**Task requirements:** Transcribe the data below verbatim from the line with "Otvorená prilba na" to the line with "7PCS Christmas Costumes-Adult". Include both of those lines.

**Provided records:**
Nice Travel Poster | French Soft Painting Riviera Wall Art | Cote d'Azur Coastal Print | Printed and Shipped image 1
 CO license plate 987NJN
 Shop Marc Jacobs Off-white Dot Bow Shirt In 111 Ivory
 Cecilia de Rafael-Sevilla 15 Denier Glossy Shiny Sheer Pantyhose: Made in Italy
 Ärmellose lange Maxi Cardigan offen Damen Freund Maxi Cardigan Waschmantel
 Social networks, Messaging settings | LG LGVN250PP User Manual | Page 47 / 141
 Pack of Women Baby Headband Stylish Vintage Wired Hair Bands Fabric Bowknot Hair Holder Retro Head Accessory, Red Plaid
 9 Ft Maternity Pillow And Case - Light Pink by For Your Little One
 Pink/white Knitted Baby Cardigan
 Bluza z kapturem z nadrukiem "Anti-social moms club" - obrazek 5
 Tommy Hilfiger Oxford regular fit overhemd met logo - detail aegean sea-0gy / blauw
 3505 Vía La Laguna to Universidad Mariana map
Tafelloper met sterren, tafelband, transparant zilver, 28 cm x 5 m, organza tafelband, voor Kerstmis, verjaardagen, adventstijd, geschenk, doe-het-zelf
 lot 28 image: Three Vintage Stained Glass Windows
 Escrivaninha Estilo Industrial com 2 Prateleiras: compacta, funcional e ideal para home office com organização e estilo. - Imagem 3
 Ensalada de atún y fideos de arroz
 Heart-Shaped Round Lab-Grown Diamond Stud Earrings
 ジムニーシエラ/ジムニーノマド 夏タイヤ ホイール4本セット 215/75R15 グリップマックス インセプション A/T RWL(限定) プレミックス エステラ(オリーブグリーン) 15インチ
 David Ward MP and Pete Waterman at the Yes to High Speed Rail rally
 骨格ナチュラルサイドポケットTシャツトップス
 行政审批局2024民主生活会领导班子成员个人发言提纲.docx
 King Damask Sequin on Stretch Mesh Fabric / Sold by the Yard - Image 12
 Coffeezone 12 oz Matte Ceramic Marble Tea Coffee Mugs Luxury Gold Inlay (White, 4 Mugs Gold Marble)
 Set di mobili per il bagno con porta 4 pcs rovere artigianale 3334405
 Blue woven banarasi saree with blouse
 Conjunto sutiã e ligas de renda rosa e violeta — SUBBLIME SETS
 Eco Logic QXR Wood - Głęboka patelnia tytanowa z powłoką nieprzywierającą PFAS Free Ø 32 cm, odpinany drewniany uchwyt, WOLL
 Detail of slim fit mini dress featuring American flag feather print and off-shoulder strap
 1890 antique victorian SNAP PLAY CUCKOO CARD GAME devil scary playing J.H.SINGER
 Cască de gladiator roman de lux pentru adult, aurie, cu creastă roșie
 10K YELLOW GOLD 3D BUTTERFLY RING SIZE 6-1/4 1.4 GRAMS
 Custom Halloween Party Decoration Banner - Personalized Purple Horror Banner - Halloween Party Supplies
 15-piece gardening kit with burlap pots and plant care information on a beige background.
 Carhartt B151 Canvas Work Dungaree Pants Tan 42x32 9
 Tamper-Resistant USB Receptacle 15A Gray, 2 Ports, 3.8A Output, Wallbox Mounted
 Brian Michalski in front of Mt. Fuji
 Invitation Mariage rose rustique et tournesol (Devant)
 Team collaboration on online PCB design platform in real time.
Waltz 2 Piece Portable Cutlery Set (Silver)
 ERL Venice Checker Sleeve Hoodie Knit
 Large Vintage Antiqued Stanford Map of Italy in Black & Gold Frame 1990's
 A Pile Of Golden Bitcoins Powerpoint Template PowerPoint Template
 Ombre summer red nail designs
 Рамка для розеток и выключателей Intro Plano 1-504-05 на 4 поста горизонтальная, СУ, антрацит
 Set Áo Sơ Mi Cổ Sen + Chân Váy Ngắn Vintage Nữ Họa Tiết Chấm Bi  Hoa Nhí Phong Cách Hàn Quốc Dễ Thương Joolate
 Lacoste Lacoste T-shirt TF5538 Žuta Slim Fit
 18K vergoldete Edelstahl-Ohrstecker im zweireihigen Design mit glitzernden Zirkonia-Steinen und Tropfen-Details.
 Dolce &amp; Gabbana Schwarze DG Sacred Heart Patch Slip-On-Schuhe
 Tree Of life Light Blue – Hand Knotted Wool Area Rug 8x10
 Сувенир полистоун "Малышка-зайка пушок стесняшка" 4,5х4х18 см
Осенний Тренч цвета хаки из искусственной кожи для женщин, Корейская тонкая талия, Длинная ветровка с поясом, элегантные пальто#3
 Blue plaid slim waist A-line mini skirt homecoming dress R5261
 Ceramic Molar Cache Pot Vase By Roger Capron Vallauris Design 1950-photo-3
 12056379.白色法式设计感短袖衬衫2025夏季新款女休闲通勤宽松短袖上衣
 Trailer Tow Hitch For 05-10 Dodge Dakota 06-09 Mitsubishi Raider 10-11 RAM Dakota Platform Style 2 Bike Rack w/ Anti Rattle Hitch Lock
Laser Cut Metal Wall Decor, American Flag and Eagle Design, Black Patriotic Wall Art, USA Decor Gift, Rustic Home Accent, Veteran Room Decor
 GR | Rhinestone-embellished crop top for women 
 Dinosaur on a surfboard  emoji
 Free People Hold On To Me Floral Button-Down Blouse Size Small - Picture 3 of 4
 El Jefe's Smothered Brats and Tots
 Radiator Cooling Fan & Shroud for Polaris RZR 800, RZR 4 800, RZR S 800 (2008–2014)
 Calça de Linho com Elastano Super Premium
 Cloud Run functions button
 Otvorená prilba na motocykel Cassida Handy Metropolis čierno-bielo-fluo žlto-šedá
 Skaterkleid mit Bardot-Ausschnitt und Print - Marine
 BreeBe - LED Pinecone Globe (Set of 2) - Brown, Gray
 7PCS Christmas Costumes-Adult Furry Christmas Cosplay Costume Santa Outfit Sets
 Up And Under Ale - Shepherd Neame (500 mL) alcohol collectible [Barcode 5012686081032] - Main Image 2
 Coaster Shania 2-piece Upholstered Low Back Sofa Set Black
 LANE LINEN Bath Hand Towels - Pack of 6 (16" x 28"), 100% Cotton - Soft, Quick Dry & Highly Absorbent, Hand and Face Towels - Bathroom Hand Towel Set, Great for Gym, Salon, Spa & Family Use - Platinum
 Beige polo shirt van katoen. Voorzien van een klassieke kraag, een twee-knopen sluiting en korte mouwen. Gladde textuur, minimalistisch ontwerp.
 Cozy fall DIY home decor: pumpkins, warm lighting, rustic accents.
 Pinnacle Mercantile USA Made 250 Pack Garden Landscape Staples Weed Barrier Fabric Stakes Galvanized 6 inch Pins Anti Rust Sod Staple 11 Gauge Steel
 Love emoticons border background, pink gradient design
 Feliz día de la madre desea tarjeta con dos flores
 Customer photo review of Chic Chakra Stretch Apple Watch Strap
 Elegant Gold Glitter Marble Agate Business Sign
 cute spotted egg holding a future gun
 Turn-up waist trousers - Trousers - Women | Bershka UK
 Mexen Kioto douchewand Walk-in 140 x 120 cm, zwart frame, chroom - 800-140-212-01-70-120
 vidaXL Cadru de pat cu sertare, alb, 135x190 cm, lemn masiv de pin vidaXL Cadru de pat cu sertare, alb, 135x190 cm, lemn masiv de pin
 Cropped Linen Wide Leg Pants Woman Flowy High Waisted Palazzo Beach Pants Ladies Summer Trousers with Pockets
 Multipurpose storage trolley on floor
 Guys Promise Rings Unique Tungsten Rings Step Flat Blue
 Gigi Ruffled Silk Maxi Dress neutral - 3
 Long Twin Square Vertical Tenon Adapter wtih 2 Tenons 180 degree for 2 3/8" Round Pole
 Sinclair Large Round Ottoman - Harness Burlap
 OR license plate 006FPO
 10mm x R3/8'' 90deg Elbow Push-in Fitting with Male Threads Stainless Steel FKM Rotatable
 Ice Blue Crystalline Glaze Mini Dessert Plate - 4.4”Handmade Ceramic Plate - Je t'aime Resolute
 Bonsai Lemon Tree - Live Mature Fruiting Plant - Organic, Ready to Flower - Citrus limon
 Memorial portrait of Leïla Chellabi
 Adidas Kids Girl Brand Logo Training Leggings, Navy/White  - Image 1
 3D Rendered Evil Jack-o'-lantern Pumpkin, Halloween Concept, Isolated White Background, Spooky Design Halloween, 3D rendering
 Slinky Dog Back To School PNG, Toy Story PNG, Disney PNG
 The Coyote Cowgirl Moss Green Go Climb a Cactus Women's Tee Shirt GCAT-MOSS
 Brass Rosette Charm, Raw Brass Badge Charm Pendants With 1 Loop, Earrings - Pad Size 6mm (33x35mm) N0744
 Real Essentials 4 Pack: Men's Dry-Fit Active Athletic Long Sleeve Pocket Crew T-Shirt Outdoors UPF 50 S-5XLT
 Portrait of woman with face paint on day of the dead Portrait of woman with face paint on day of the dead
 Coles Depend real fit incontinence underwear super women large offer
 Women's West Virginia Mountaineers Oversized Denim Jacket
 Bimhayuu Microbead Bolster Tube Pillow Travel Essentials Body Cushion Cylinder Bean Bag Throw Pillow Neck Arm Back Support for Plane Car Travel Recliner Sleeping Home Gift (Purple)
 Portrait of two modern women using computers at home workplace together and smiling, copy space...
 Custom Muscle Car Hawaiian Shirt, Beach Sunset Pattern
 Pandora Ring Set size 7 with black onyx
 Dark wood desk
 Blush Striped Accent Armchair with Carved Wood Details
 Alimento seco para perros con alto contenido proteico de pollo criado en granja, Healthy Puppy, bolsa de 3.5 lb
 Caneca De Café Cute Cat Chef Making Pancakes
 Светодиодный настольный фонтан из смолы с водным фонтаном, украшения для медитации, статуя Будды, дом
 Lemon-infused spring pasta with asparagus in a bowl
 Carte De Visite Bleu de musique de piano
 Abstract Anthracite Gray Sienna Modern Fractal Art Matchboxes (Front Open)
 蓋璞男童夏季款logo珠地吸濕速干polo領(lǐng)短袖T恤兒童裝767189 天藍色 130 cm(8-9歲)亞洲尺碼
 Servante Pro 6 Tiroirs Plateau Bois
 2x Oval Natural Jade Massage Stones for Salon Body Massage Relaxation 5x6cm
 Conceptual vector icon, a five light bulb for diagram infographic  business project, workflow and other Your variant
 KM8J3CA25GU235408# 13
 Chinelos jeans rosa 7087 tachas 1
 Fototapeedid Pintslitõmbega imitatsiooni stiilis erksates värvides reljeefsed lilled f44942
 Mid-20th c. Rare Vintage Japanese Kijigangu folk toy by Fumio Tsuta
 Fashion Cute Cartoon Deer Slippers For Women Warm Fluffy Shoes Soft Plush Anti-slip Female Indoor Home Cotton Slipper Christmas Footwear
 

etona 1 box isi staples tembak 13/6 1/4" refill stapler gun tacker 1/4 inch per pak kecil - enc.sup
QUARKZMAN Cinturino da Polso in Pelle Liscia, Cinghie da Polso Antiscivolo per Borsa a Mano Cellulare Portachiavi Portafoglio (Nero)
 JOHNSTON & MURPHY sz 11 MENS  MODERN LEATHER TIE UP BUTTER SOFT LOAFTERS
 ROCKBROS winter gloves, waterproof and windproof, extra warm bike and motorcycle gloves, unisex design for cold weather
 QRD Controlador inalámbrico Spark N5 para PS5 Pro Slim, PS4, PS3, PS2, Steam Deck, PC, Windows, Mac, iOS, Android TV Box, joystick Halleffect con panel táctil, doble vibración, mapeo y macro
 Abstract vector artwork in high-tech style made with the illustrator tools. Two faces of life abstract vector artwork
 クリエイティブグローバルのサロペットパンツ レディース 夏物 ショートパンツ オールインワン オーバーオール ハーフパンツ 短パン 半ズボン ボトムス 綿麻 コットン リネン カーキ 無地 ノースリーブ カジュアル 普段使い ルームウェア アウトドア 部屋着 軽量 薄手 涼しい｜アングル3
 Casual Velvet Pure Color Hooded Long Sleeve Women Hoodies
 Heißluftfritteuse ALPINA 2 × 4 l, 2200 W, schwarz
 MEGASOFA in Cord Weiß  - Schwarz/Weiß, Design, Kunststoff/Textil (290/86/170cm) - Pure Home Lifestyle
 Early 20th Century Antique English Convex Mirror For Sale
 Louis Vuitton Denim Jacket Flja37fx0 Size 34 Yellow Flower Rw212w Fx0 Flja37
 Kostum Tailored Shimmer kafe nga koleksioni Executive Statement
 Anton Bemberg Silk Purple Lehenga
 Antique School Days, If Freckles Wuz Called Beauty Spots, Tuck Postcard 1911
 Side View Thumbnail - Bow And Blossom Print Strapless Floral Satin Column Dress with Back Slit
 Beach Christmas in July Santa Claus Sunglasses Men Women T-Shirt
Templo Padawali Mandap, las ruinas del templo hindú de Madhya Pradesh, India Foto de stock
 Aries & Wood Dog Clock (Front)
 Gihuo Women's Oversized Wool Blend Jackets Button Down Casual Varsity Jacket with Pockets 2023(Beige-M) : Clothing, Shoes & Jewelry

**Answer to the exercise:**
 Otvorená prilba na motocykel Cassida Handy Metropolis čierno-bielo-fluo žlto-šedá
 Skaterkleid mit Bardot-Ausschnitt und Print - Marine
 BreeBe - LED Pinecone Globe (Set of 2) - Brown, Gray
 7PCS Christmas Costumes-Adult Furry Christmas Cosplay Costume Santa Outfit Sets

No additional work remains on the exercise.